**Directions for this task**
Exactly the lines from the start of the data below through the line that contains "Tea Forte Mariposa" are to be copied, with pictures left out.

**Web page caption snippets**
[Start of Attachment]
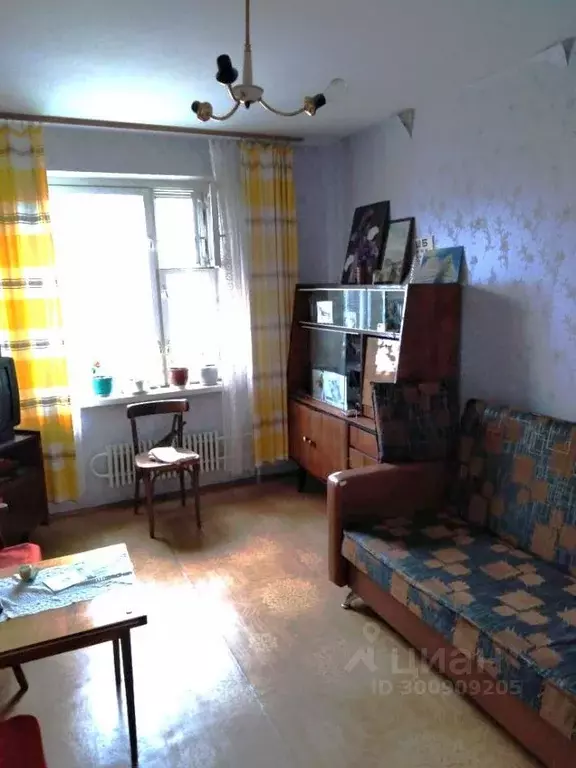 2-к кв. Самарская область, Тольятти ул. Голосова, 105 (50.0 м) - Фото 2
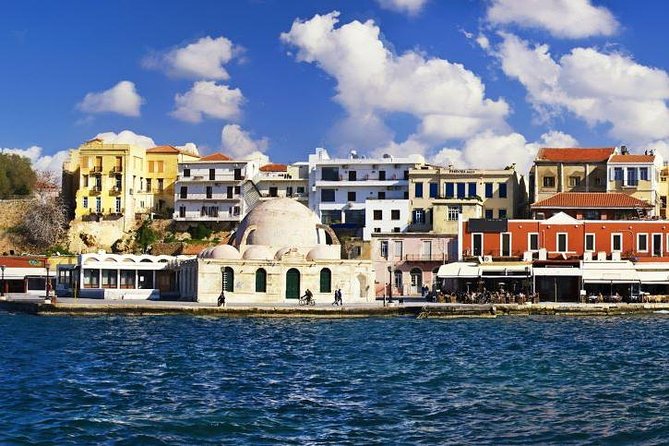 Full-Day Trip to Chania from Rethymno - Pickup and coach timing from Rethymno: what to expect
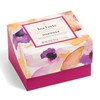 Tea Forte Mariposa 3-Piece Premium Tea Gift Set with Rose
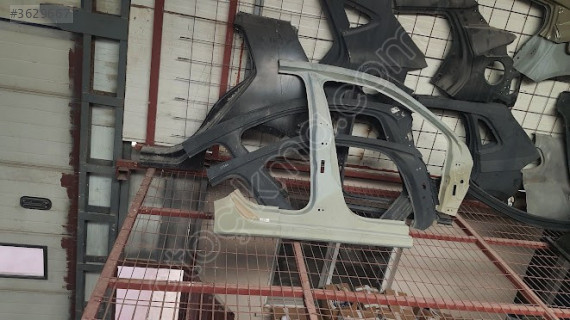 VW JETTA 12/17 SAĞ  yan duvar sacı  SEFALILAR OTO CIKMA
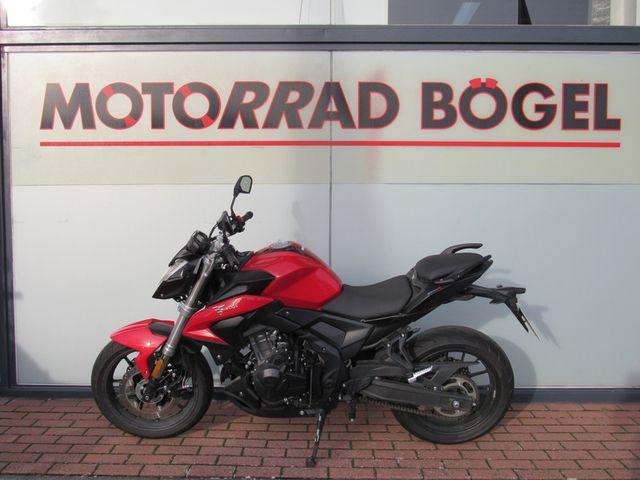 Voge 500 R Führerschein A2 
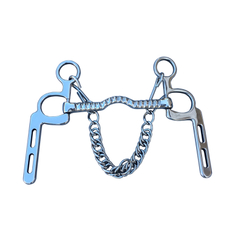 Stainless Steel Gag Bits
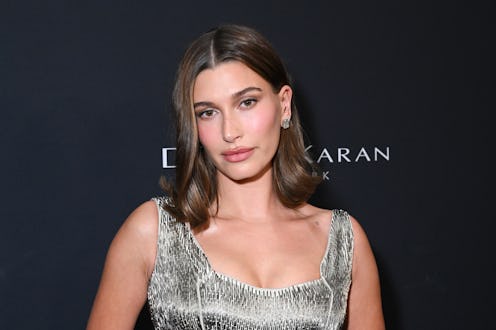 Hailey Bieber at the 2026 WWD Style Awards held at the Regent Santa Monica Beach on January 09, 2026...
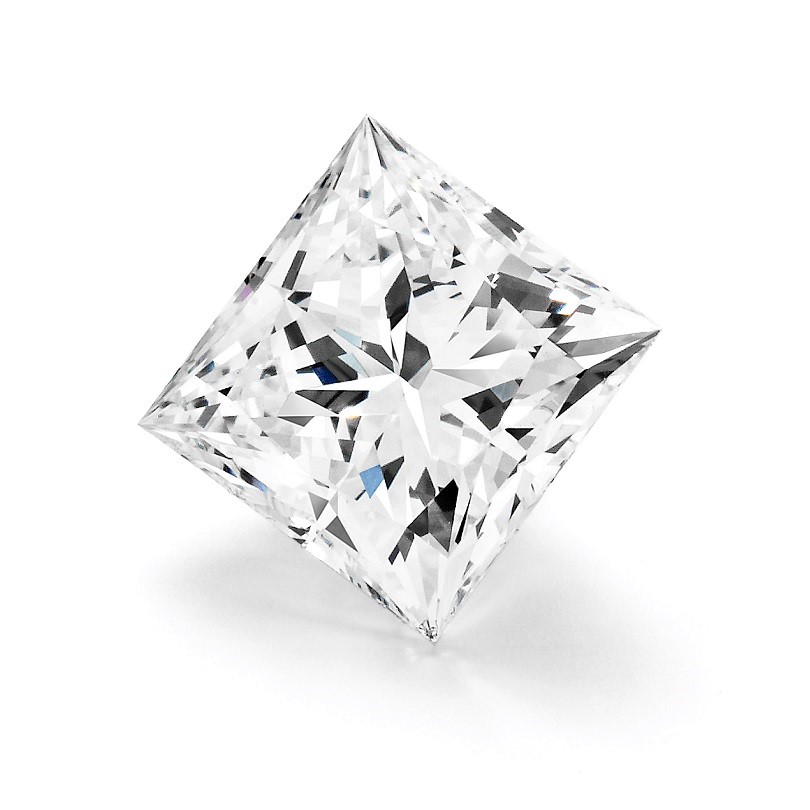 With Clarity 0.30 Carat Princess Natural Diamond Review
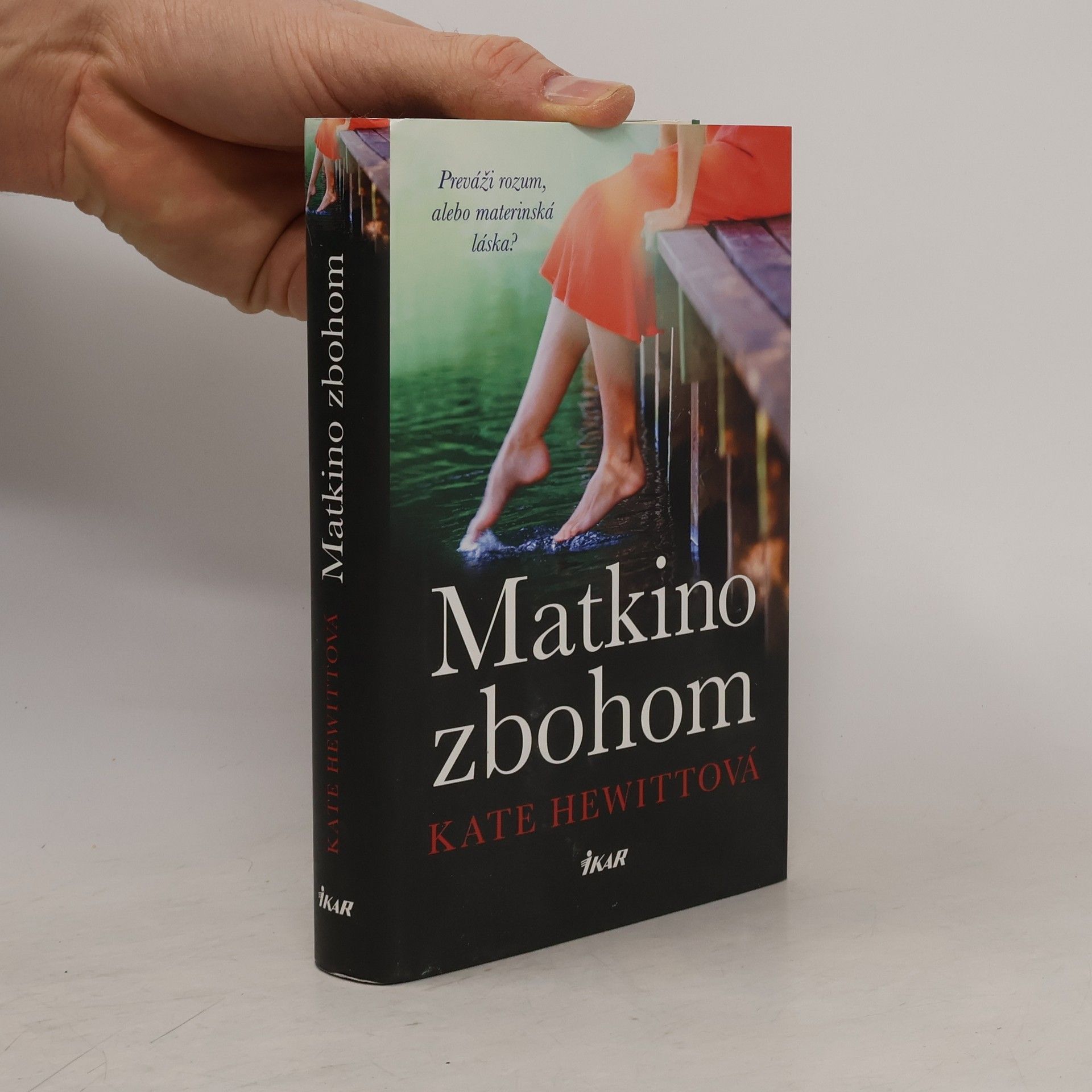 Kate Hewitt Matkino zbohom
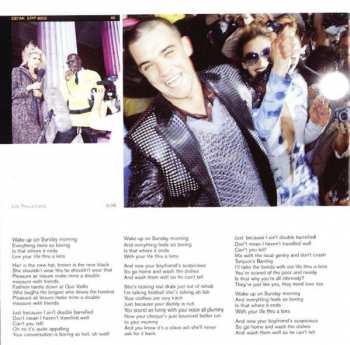 CD Robbie Williams: Life Thru A Lens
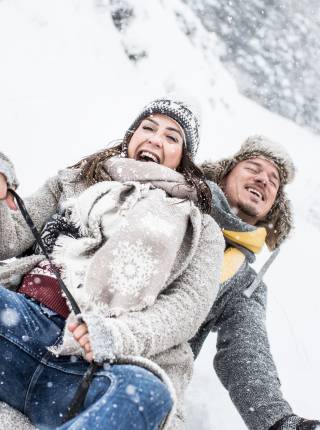 Jetzt schon an Winterzauber denken – und vom Frühbucherrabatt profitieren!  Symbolfoto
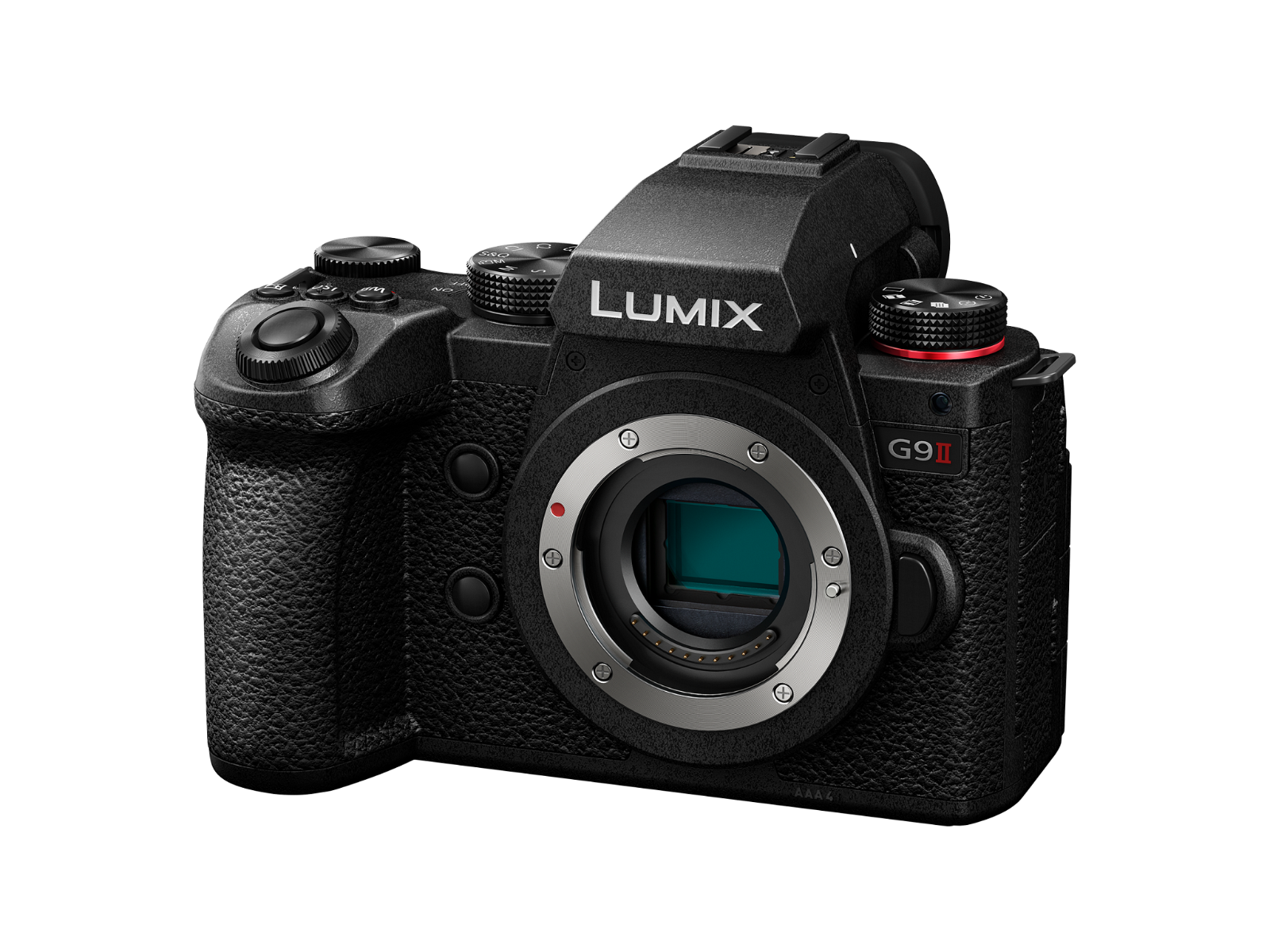 Panasonic G9 II Mirrorless Camera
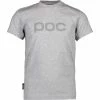POC Enfant T-Shirt Gris Melange -VTT marches poc kids t shirt 1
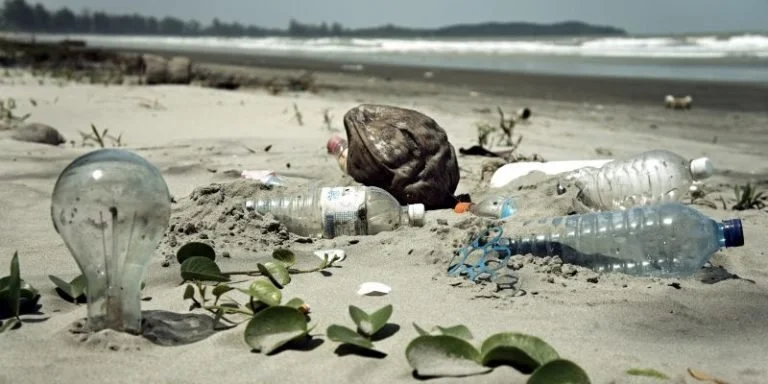 Coral reefs face infection risk from plastic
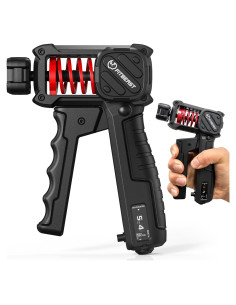 Entrenador de Fuerza de Agarre FitBeast Ajustable 4.54-59 kg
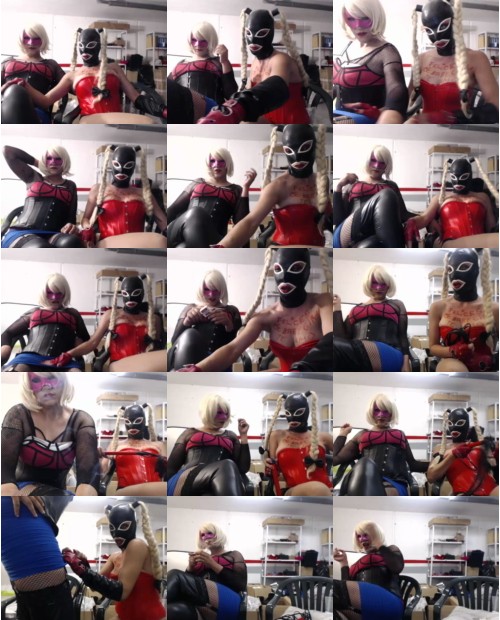 Download Video File: cam4 badbarbiebad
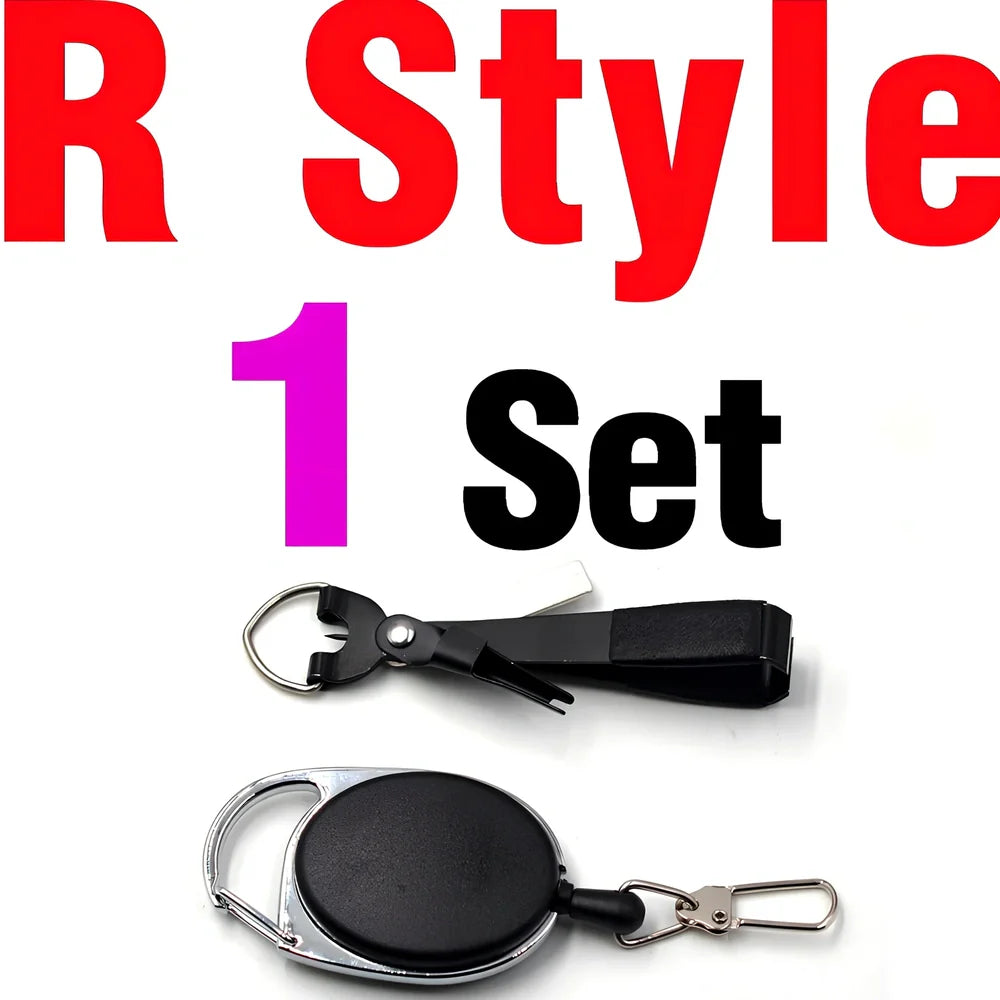 Fishing line scissors with stainless steel blades and plastic handles in silver black colour combination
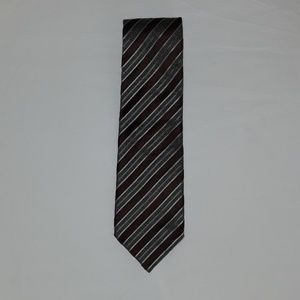 Giorgio Armani Authentic men's tie new without tag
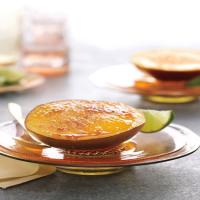Mango Brulee with Lime image
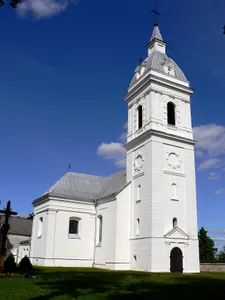 Church of Saint Dominic, Palėvenė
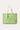 SUMMERY Copenhagen Kiki Large Bag Accessories 496 Opaline Green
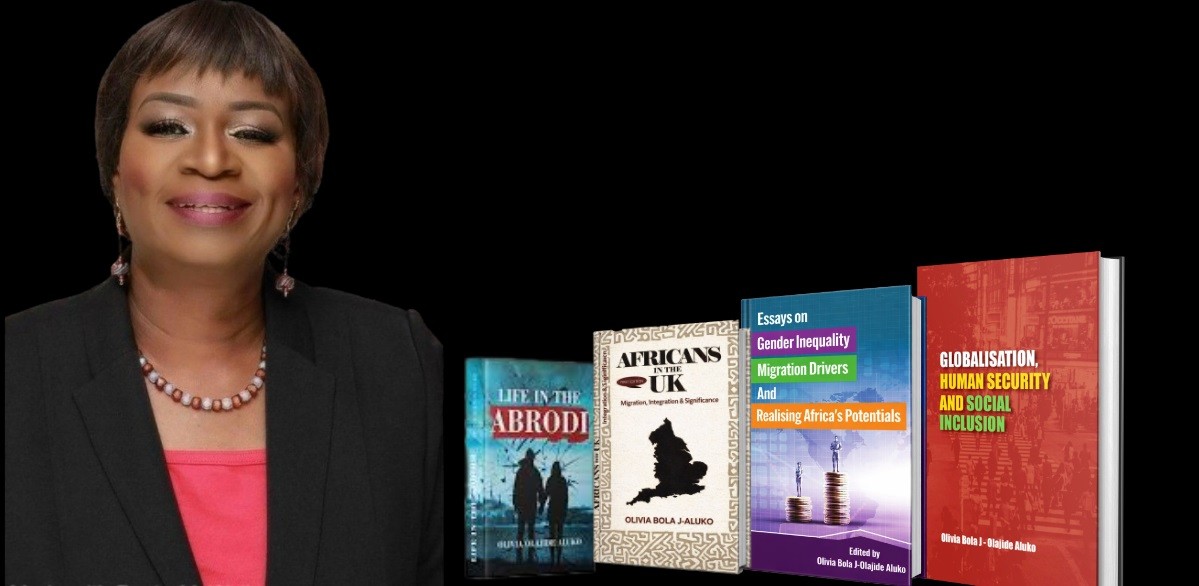 Clevenard honrará a Olivia Joseph-Aluko, LLB, B.L., MA (Derecho), en el Reconocimiento Global de Autores 2026 en Alicante, España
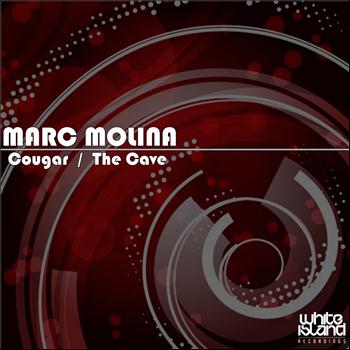 Marc Molina - Cougar / The Cave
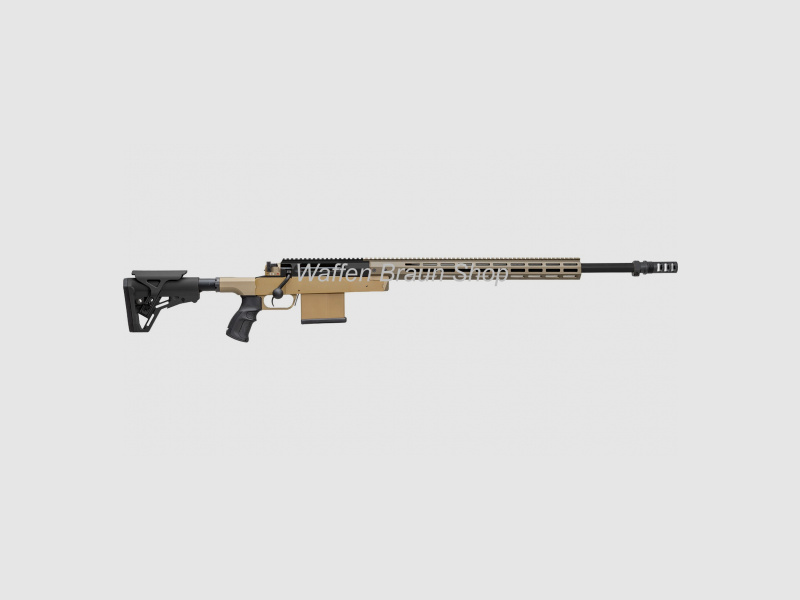 HAENEL HLR 338 Basic Kaliber .338 Lapua Mag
[End of Attachment]
**Output of the exercise**
 2-к кв. Самарская область, Тольятти ул. Голосова, 105 (50.0 м) - Фото 2
 Full-Day Trip to Chania from Rethymno - Pickup and coach timing from Rethymno: what to expect
 Tea Forte Mariposa 3-Piece Premium Tea Gift Set with Rose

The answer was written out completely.